Strategic Safety Clarifies the New York Times Article 'SUV Tire Defects Were Known in '96 But Not Reported'
The New York Times article "SUV Tire Defects were Known in '96 but Not Reported" inaccurately describes Strategic Safety's work related to the Ford-Firestone tire matter.
First, the article is based on an incorrect premise. It is claimed that federal regulators and Ford were hampered in their efforts to identify Firestone tire problems in the U.S. because lawsuits were not reported to the National Highway Traffic Safety Administration. The Times states, "Ford engineers were falsely reassured in 1999 when they checked the federal complaint database and found it virtually empty-because lawyers had not filed complaints."
This statement contradicts the facts. The database was not virtually empty as the Times claimed. A review of complaints publicly available from NHTSA on June 24, 1999, revealed 36 complaints of tire failures on Ford Explorers and Rangers-nearly all of the incidents we were aware of (certainly more than the two that Ford claims were available). Neither Ford nor anyone else would have been hampered by the lack of lawsuit complaints filed with the agency as Ford was a defendant in most of these publicly filed claims.

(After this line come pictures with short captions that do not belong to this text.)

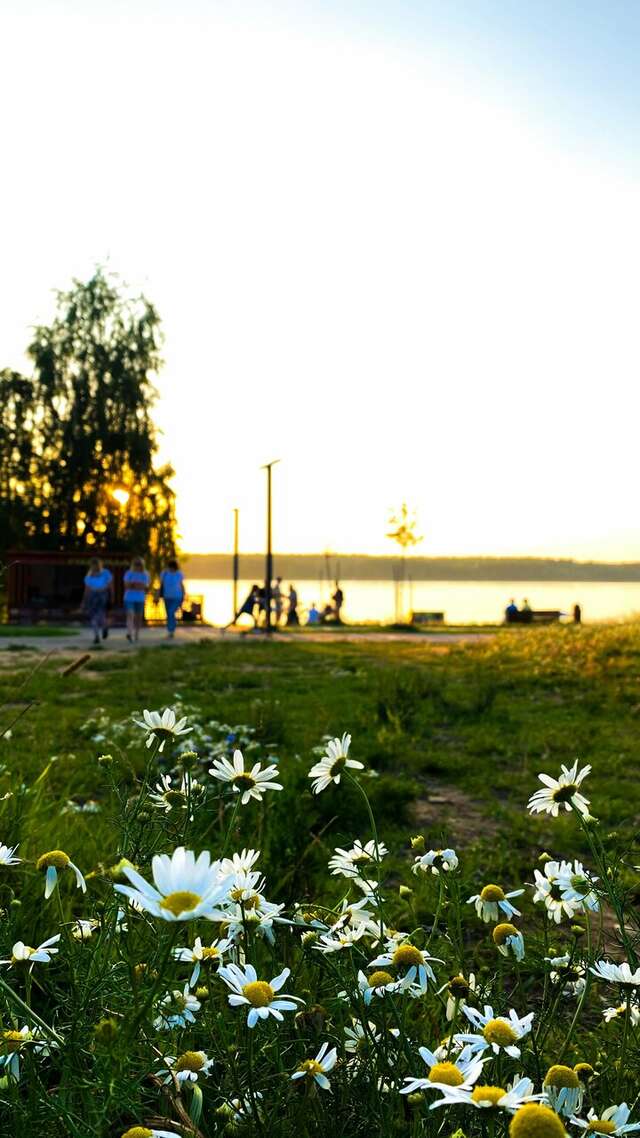 Гостиница Конаково Конаково-22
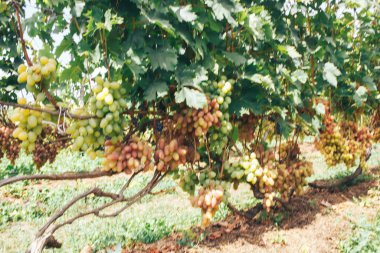 Üzüm bağı ve üzüm bağları 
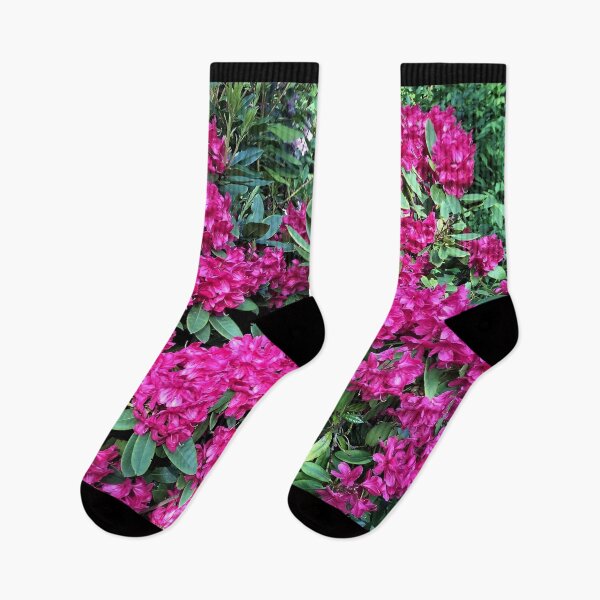 Item preview, England -Bushy Park- Spring Flowers designed and sold by joabaj.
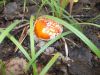 DSCN0113.JPG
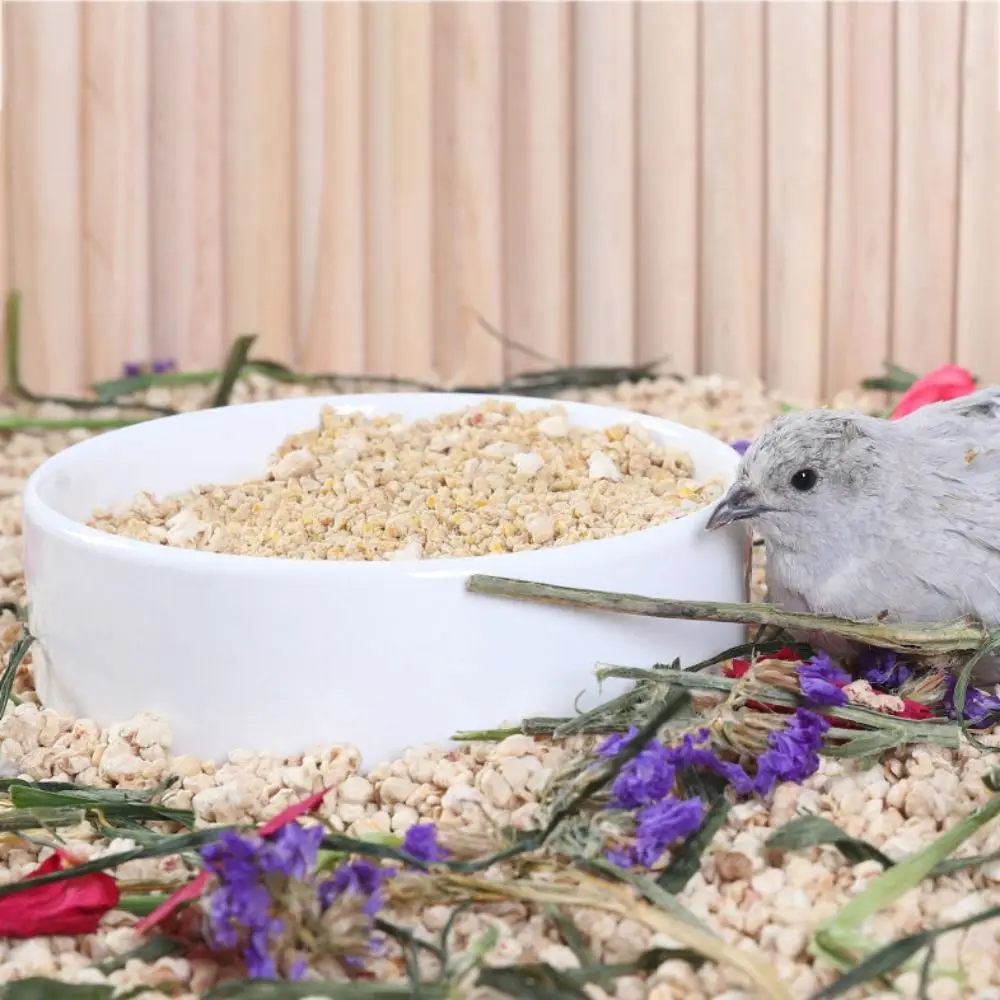 

Hamster Water Feeder Rutted Hamster Ceramics Water Feeder Ceramic Anti overturning Hamster Snack Bowl Automatic Tiny Bunny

Additionally, by 1999 Ford had already recalled vehicles overseas to replace the defective tires.
Strategic Safety began investigating the issue in 1996. It was not until 1998 that approximately 30 cases had been identified. These cases consisted of lawsuits and complaints filed with NHTSA-all of which were publicly accessible. As soon as the problem began to emerge as a trend in 1998 the complaints were brought to the attention of the national media.

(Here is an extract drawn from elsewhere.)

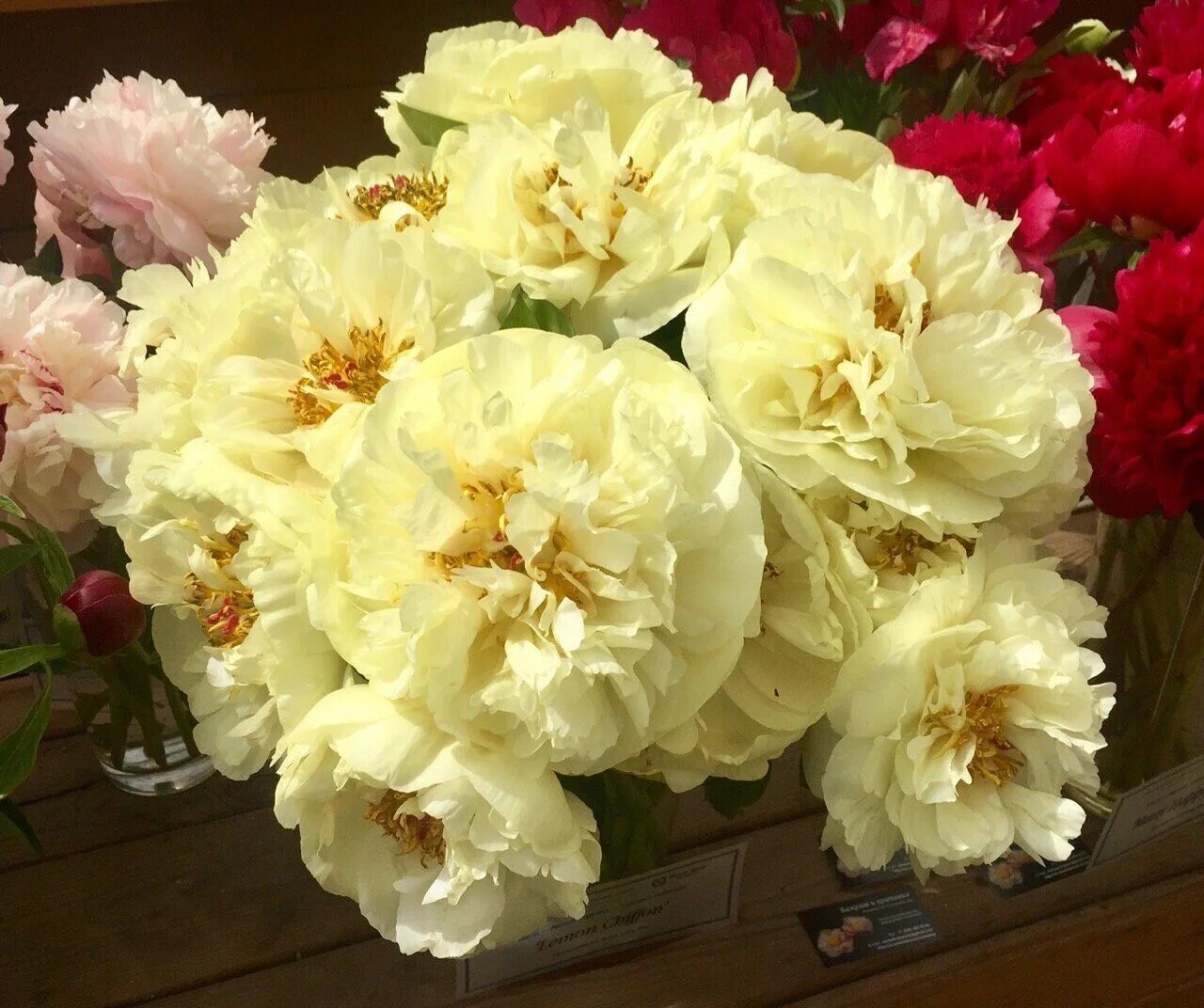 Lemon Chiffon Beautiful flowers, Peonies, Flowers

The Times also makes an unsupported claim that Strategic Safety was attempting to "publicize the problem without drawing in government investigators"-a difficult task considering reporters normally seek NHTSA comment on such stories and frequently ask why the agency isn't investigating.
Publicizing a safety-related matter is an important way to alert consumers of NHTSA and its complaint hotline, which in turn provides the agency with the information needed to initiate investigations.

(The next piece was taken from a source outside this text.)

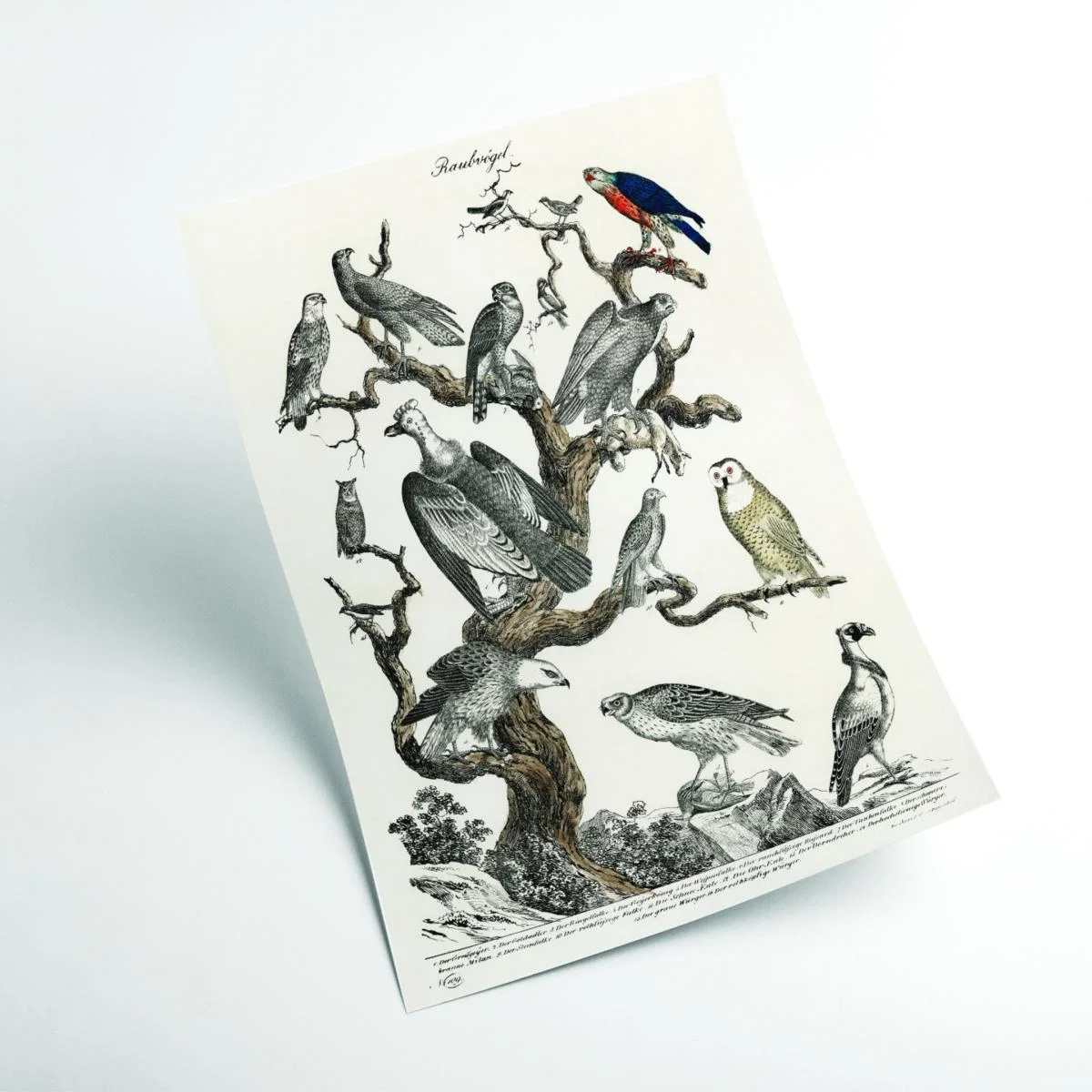 Grey Birds Of Prey Extra Large Stanley Print House – image 2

The claim made by the Times that "regulators made little progress in the Firestone investigation until last summer, when they enlisted another safety consultant, Ralph Hoar, to persuade lawyers to share information about tire failures" is at best uninformed. Not only was Strategic Safety regularly discussing its findings with the agency months before its investigation was opened in May 2000, it was our findings and public disclosure on July 31, 2001, of Ford's Firestone tire recall in Venezuela that outraged the nation and pushed Ford and Firestone to initiate a similar recall in the U.S. only a week later.
The facts clearly show that Ford and Firestone were very aware of the dangers of these tire defects long before NHTSA, safety researchers, and the American public.